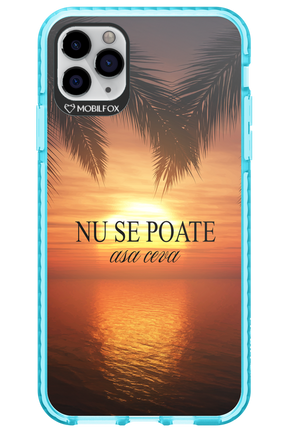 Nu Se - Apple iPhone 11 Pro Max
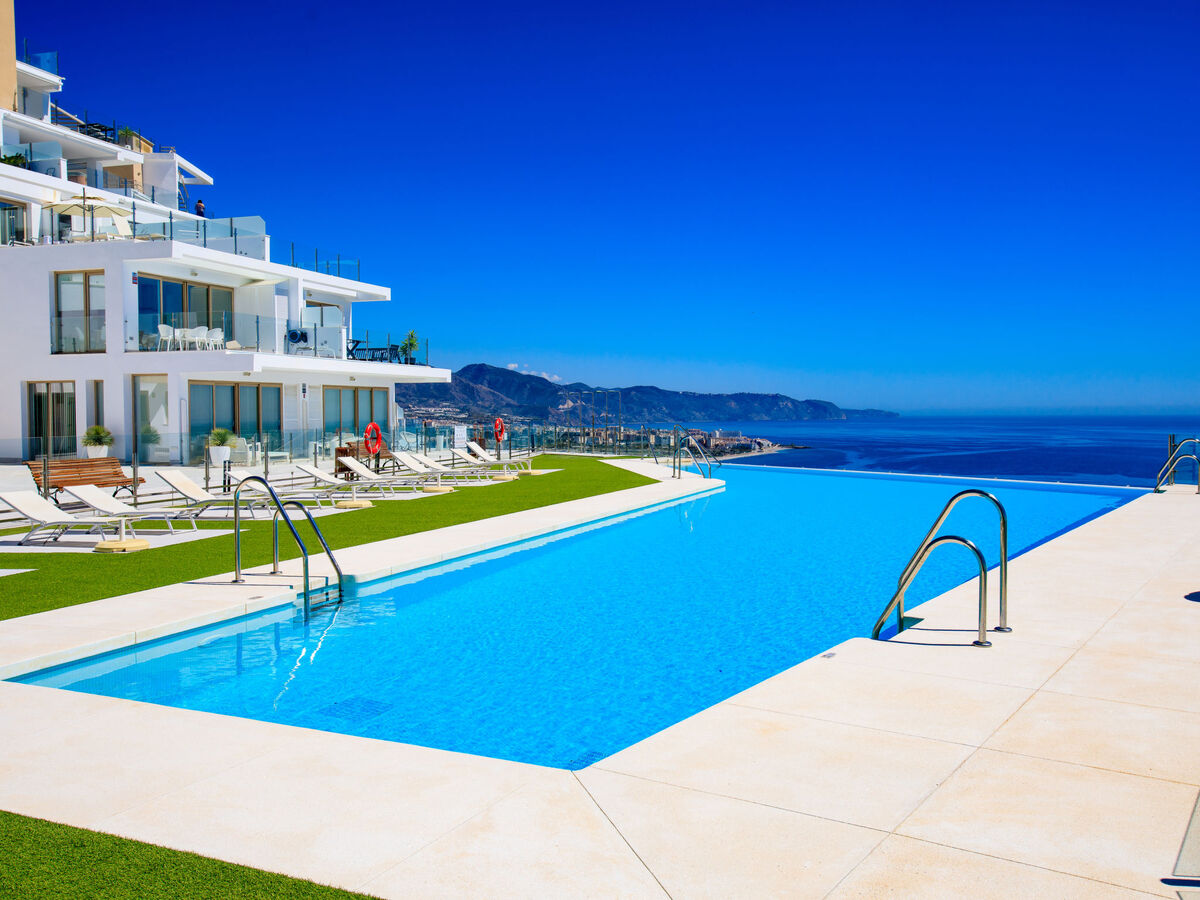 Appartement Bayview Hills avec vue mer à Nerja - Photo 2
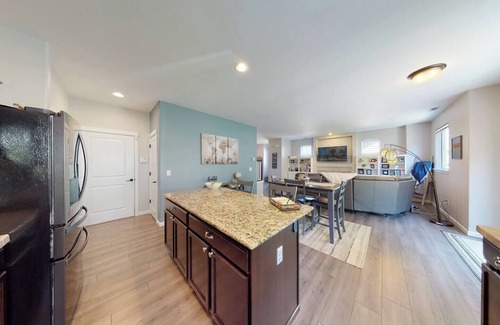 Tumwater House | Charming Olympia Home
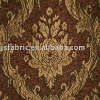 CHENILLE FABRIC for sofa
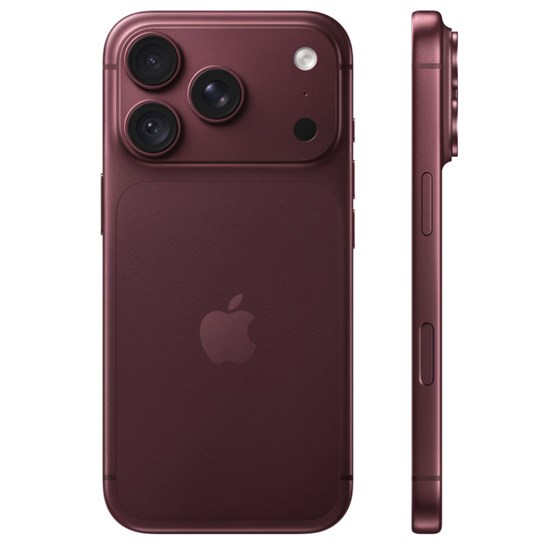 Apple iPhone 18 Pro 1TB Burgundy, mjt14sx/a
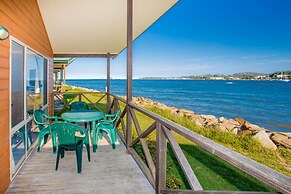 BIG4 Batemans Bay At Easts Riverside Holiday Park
·····
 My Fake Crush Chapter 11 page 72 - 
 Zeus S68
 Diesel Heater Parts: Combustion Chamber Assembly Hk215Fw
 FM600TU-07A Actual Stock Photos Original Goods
·····
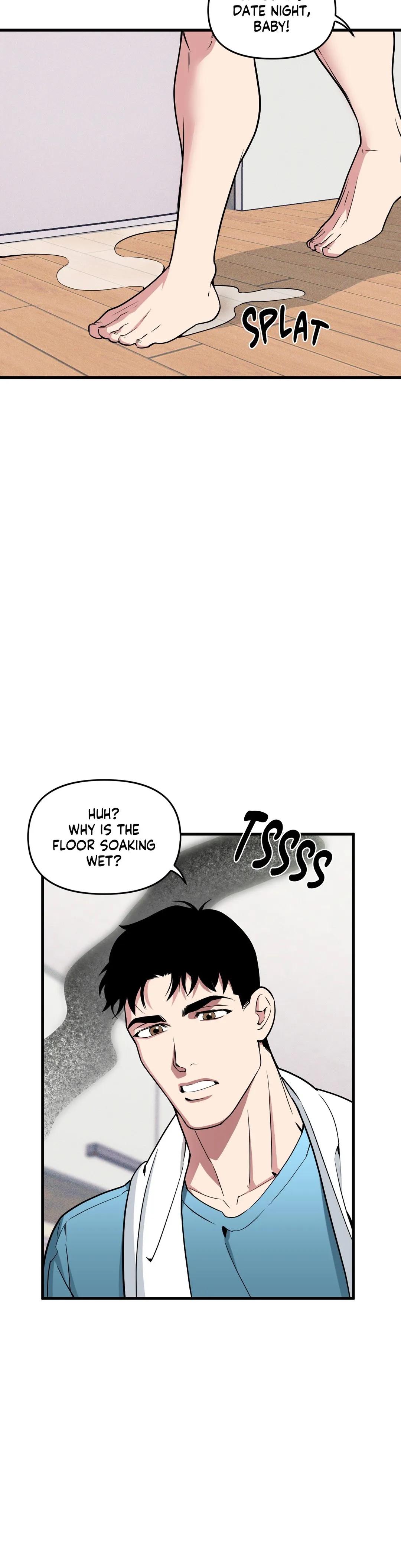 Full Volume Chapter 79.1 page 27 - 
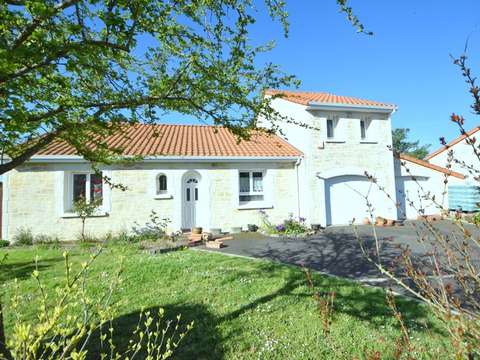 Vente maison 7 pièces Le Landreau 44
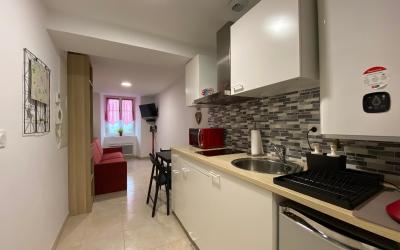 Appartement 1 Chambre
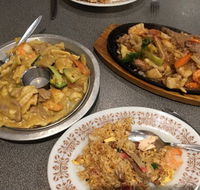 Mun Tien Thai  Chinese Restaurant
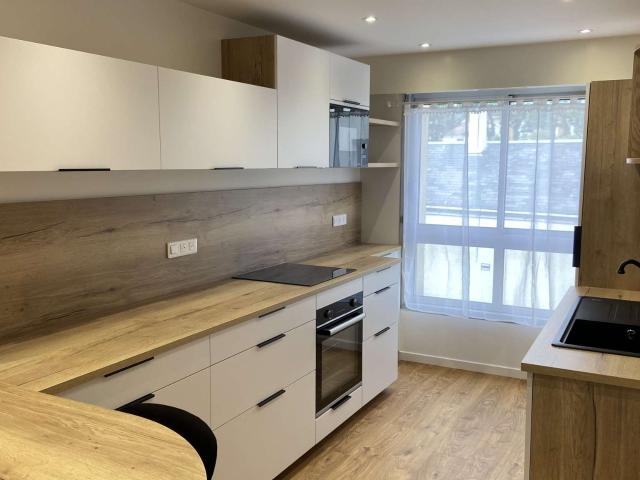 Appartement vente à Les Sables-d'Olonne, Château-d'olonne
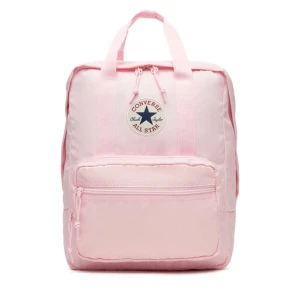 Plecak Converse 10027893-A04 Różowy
·····
_WORK REQUIRED_: Leaving each picture behind, please give again exactly the lines above from the one with "Appartement vente à" through the one with "Plecak Converse 10027893-A04 Różowy", both included, and no others.

_SOLUTION FOR THIS EXERCISE_:
 Appartement vente à Les Sables-d'Olonne, Château-d'olonne
 Plecak Converse 10027893-A04 Różowy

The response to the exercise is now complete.